Which lines of the entries below run from the one holding "Kids Unisex Thickened" to the one holding "Wholesale Delicate Appearance", inclusive? Set down exactly those lines and no others.

» GIVEN DATA
○ ○ ○

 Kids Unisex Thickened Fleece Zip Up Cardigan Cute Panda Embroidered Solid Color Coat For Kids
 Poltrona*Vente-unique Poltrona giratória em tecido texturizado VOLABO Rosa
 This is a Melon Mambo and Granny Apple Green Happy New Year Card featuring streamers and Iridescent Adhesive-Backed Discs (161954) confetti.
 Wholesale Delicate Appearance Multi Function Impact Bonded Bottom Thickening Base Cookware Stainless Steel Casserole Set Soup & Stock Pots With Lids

○ ○ ○

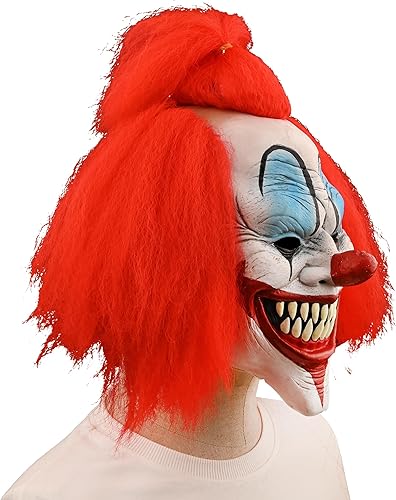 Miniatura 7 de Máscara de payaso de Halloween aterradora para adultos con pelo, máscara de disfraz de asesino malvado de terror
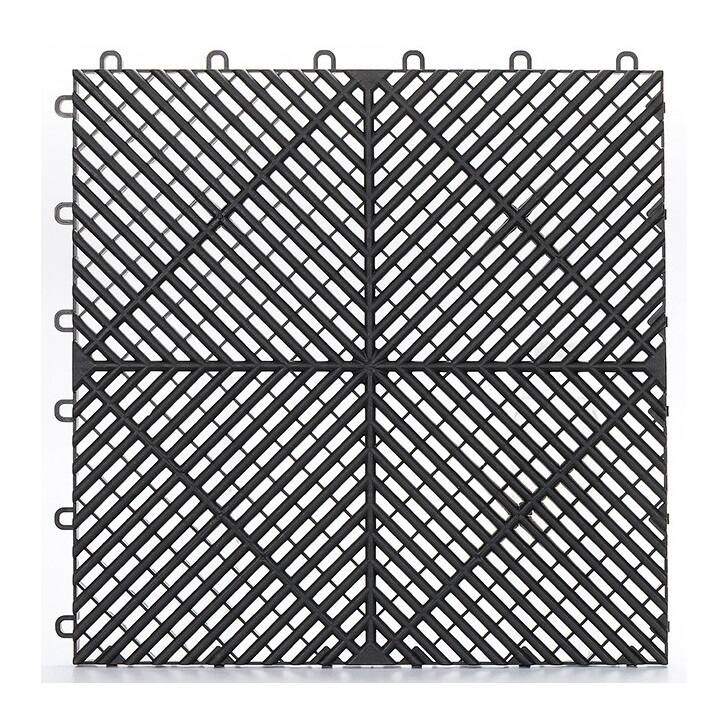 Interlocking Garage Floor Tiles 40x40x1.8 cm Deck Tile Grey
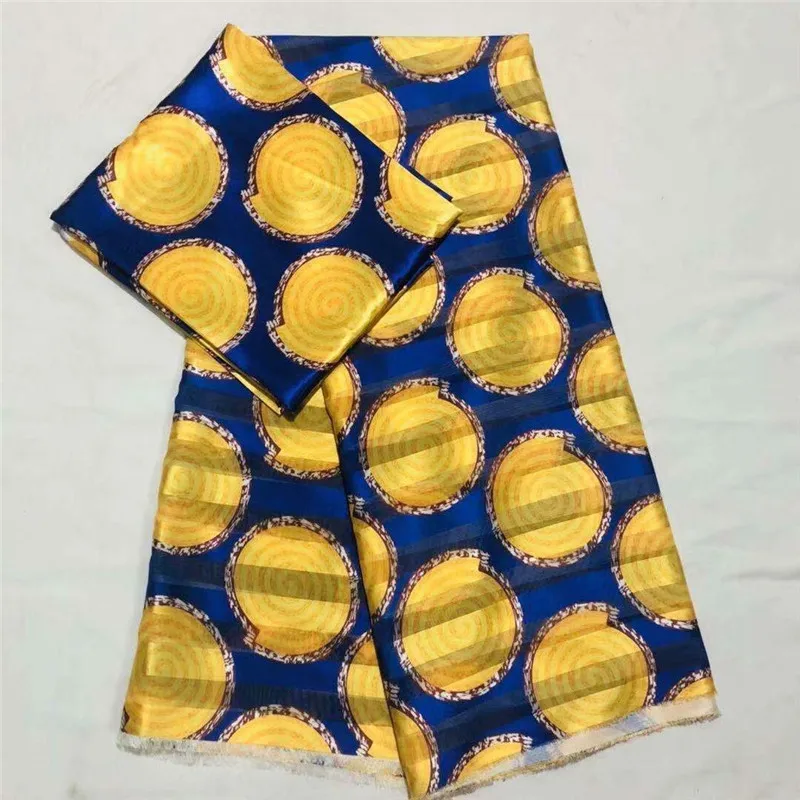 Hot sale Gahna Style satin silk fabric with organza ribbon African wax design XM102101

○ ○ ○

» ANSWER SECTION
 Kids Unisex Thickened Fleece Zip Up Cardigan Cute Panda Embroidered Solid Color Coat For Kids
 Poltrona*Vente-unique Poltrona giratória em tecido texturizado VOLABO Rosa
 This is a Melon Mambo and Granny Apple Green Happy New Year Card featuring streamers and Iridescent Adhesive-Backed Discs (161954) confetti.
 Wholesale Delicate Appearance Multi Function Impact Bonded Bottom Thickening Base Cookware Stainless Steel Casserole Set Soup & Stock Pots With Lids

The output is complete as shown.